Invece ascoltare orchestre come la Chicago, dirette poi da un grande come Muti, potrebbe essere una rivelazione per ogni professore d’orchestra di casa nostra, uno stimolo a fare, a studiare, a cercare il meglio per sé e per il pubblico. Ma il fatto che a Roma palchi e platea fossero affollati soprattutto di stranieri, di un certo démi monde romano ministeriale e il loggione (luogo classico per lo spiantato studente di S. Cecilia) quasi del tutto vuoto, la dice lunga sulle occasioni ancora una volta perdute del nostro Paese.

Muti insiste: fa crescere l’Orchestra Cherubini e i suoi giovani, instilla loro un’altra etica della bellezza sperando che facciano da anticorpi nell’asfittico mondo musicale di casa nostra e infine porta fra noi esempi di una simile ineffabilità.
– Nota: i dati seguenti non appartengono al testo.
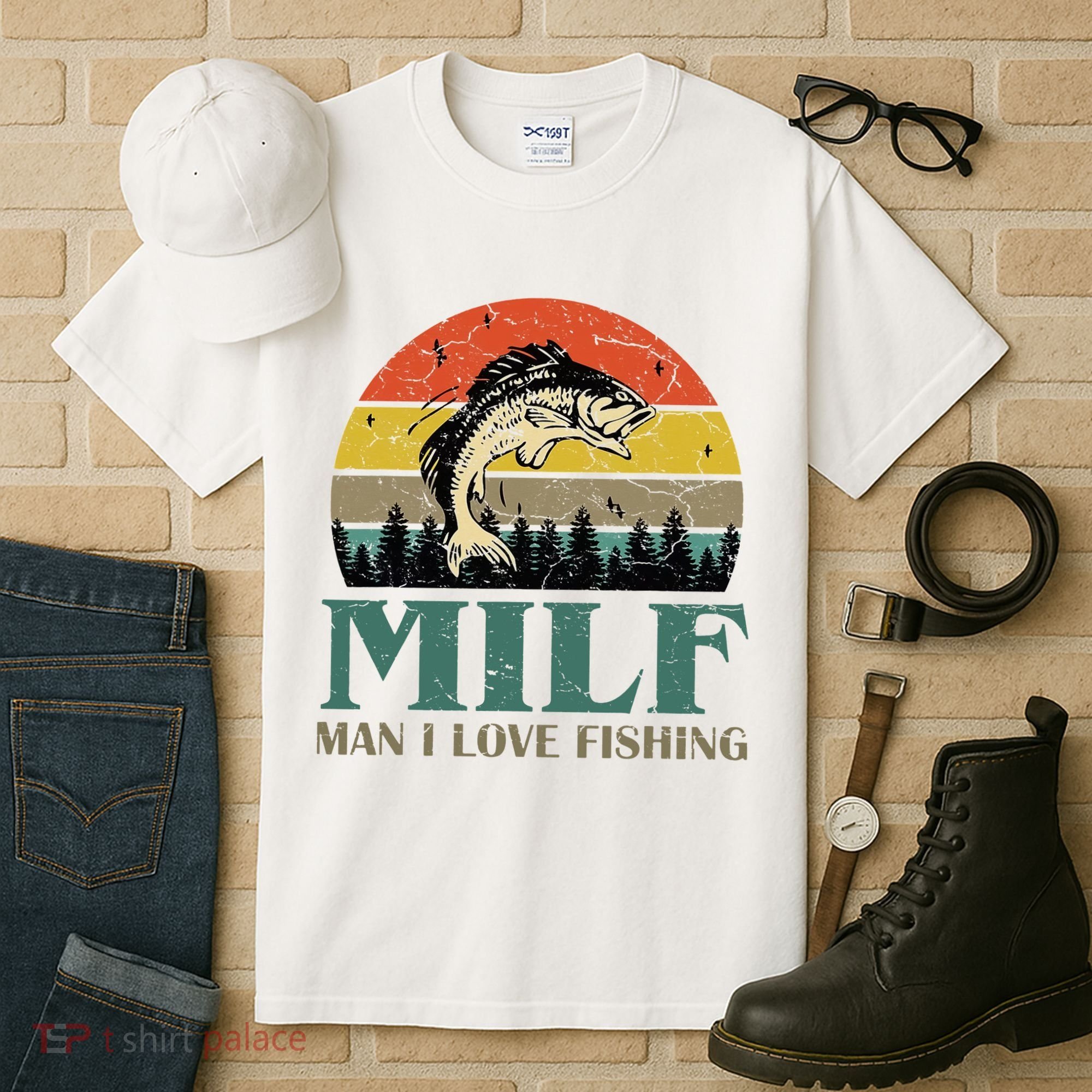 Man I Love Fishing Funny Tall T-Shirt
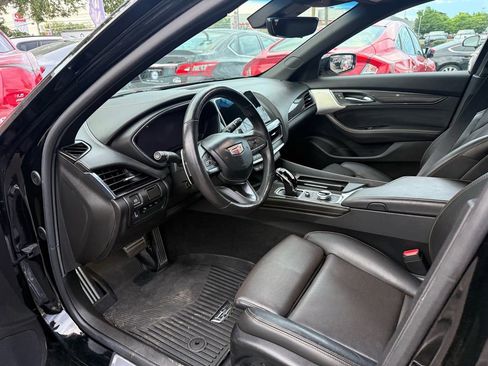 Used 2022 Cadillac CT5 V w/ Premium Package RWD image 17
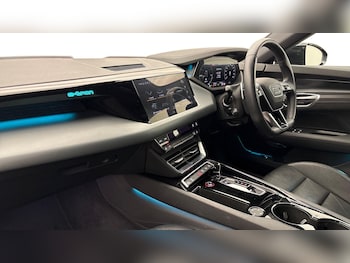 Used Audi e-tron GT 2023 for sale - 78802339: Photo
E ripete i suoi accorati “j’accuse” contro le istituzioni e la politica nostrane, sempre più disinteressati all’unica internazionalmente riconosciuta risorsa italiana: la cultura.

Noi sembriamo sordi, sordi e ciechi. Trasciniamo enormi carrozzoni divisi fra localismo e modernismo senza qualità, senza mai crescere, senza mai affermare un punto di raggiunta maturità ed eccellenza da cui non si torni indietro. Paese confuso, Paese distratto, dove tutto potrebbe ricominciare dalla mossa di una ragazzo, in orchestra, che facesse suo l’esempio illuminante di uno dei tanti suoi colleghi ascoltati l’altra sera e che invece ricorda sempre più la profetica metafora di Fellini alla fine negli anni Settanta. Prova d’orchestra, chiamò appunto il maestro quel granguignolesco ritratto di disubbidienza e incoscienza che dava dell’Italia una compagine ormai stravolta e irrecuperabile.

Non ce li porti più simili esempi, maestro Muti, ci lasci nel limbo di una mediocrità che sempre perdoniamo, che sempre comprendiamo. Ci lasci la nostra scala di valori truccata, così da pensare che in fondo, alla fine, in qualche modo ce la caveremo. Oppure no?